Activity ▸ Below are records with pictures; copy word for word only the lines between the line with "Escultura de gorila - dorado - 61 cm" and the line with "Romantic Couple in", inclusive, and drop the pictures.

Exercise data ▸
------------------------------
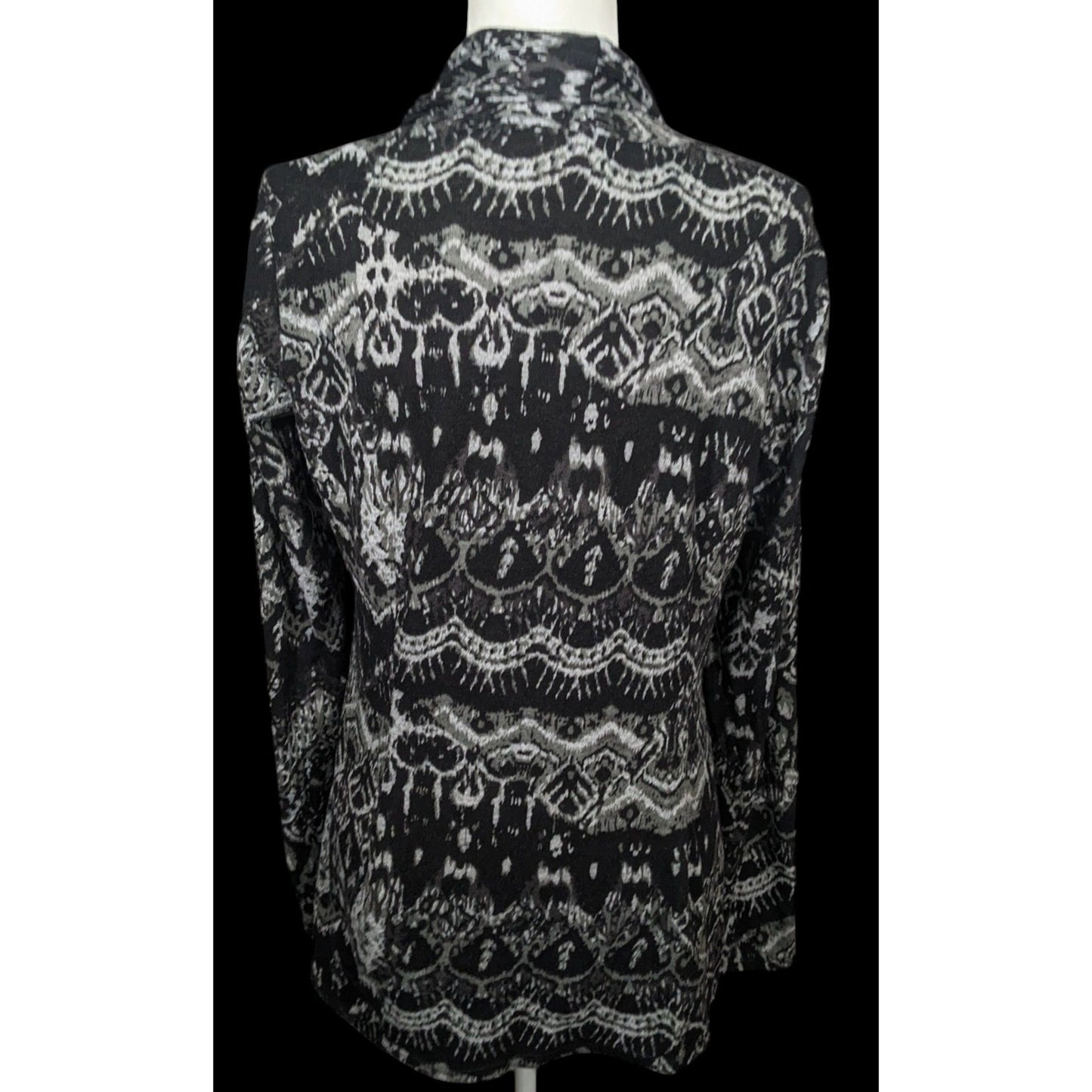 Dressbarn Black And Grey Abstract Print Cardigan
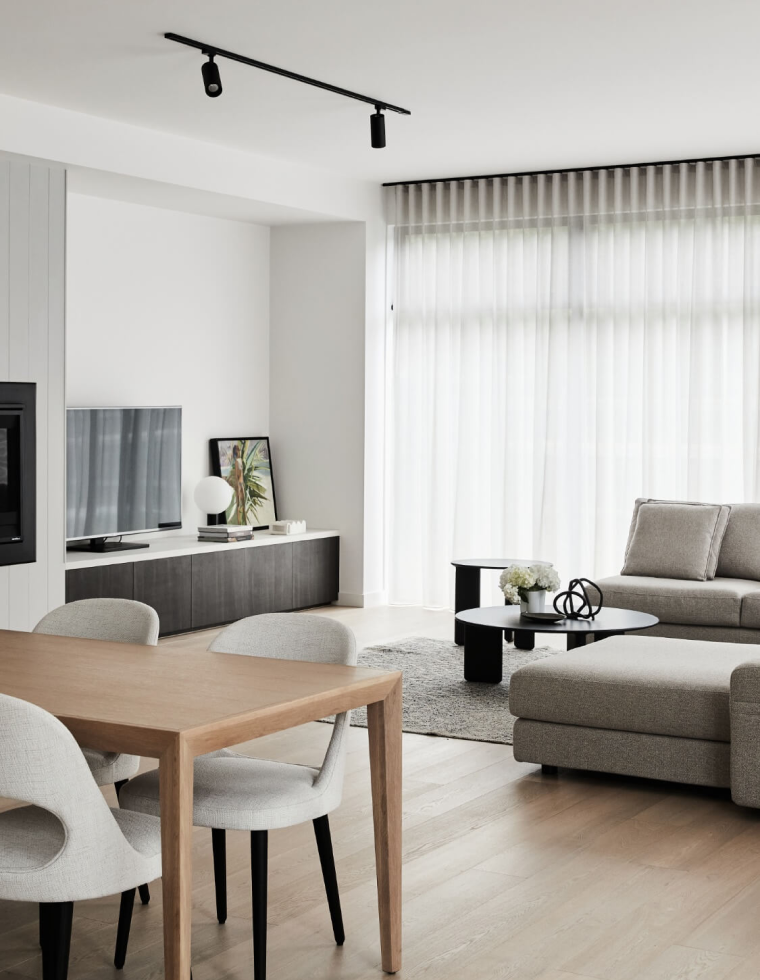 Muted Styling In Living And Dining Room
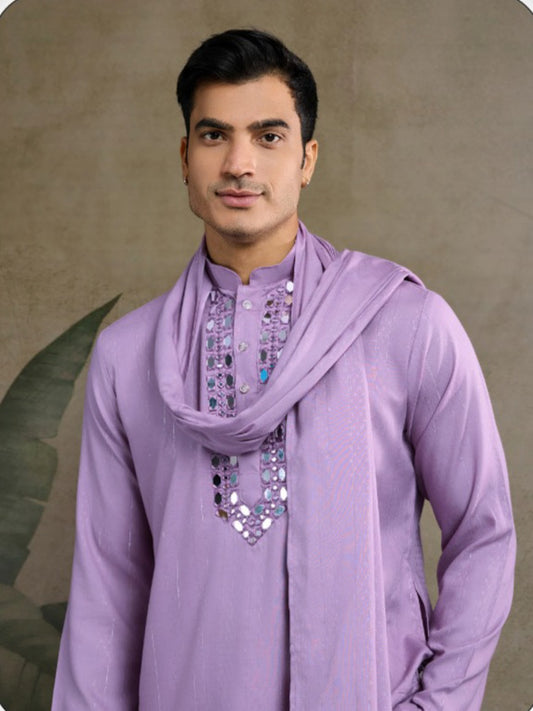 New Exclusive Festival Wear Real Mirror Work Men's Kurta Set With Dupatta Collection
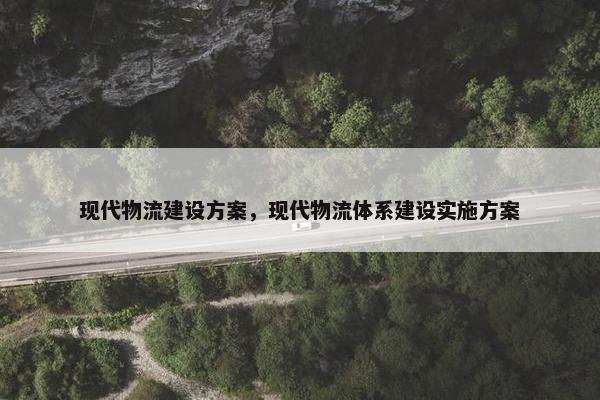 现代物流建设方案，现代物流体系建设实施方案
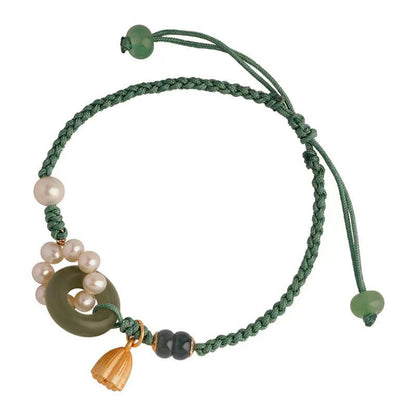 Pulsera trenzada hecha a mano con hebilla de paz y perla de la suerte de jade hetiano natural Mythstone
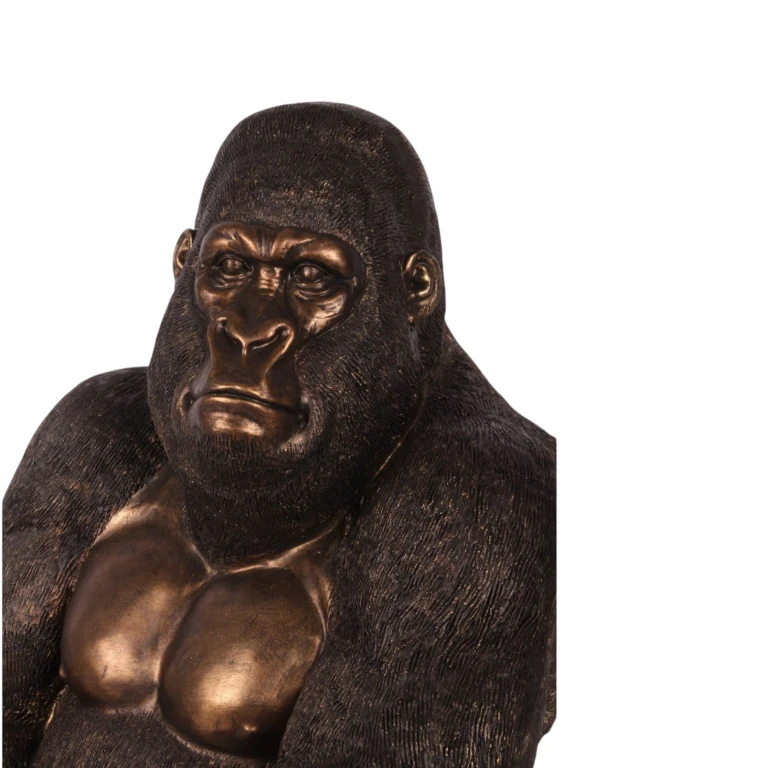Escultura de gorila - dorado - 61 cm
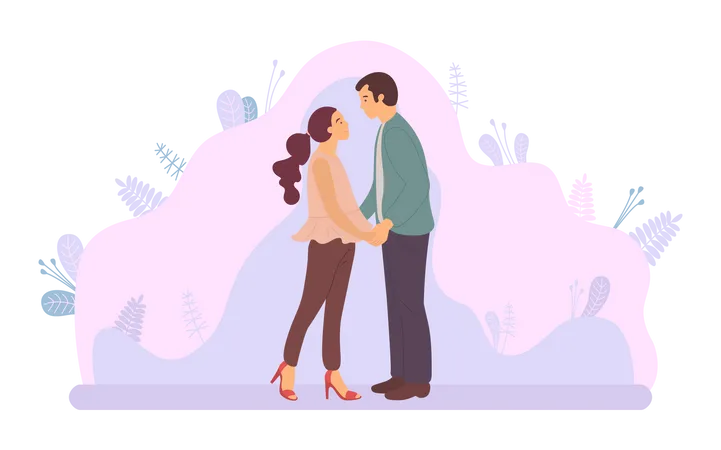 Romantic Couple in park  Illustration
------------------------------
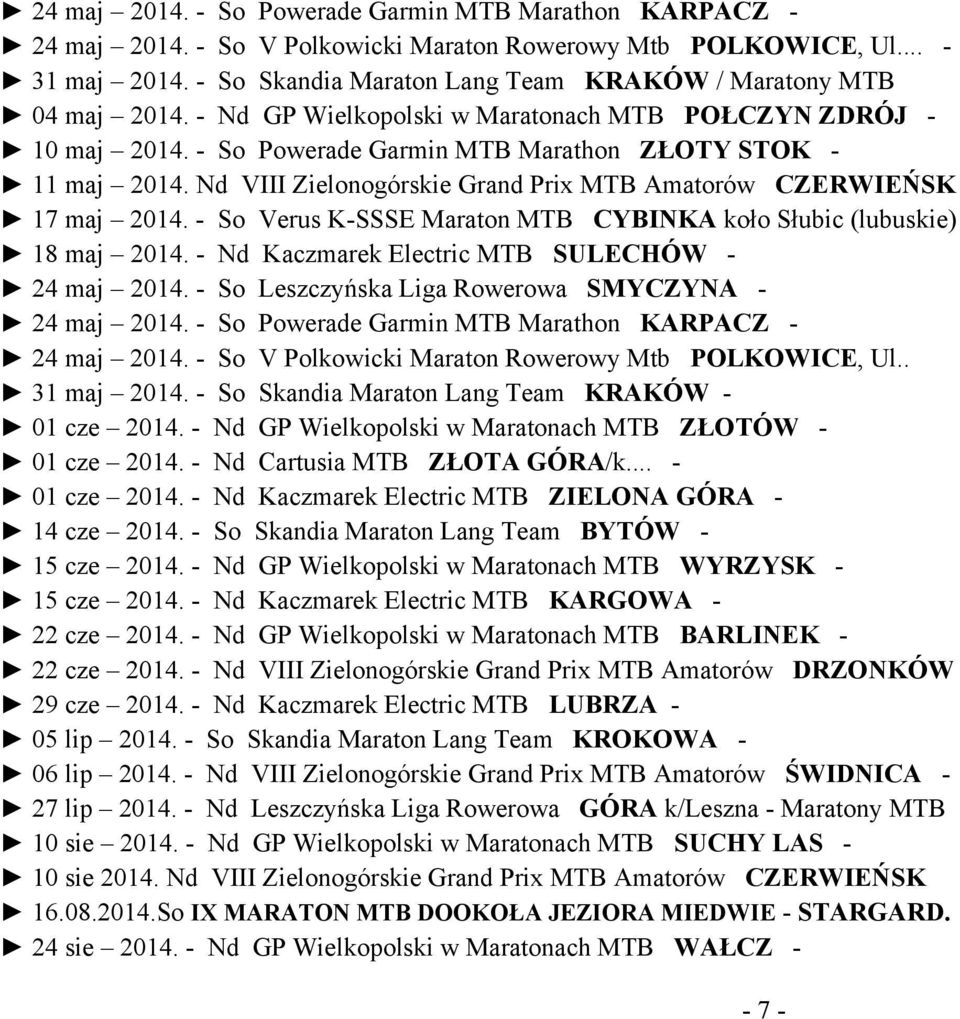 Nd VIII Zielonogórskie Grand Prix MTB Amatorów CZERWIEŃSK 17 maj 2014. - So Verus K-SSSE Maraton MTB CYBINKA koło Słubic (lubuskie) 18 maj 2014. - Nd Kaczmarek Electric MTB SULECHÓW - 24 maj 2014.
------------------------------
Answer box ▸
Escultura de gorila - dorado - 61 cm
 Romantic Couple in park  Illustration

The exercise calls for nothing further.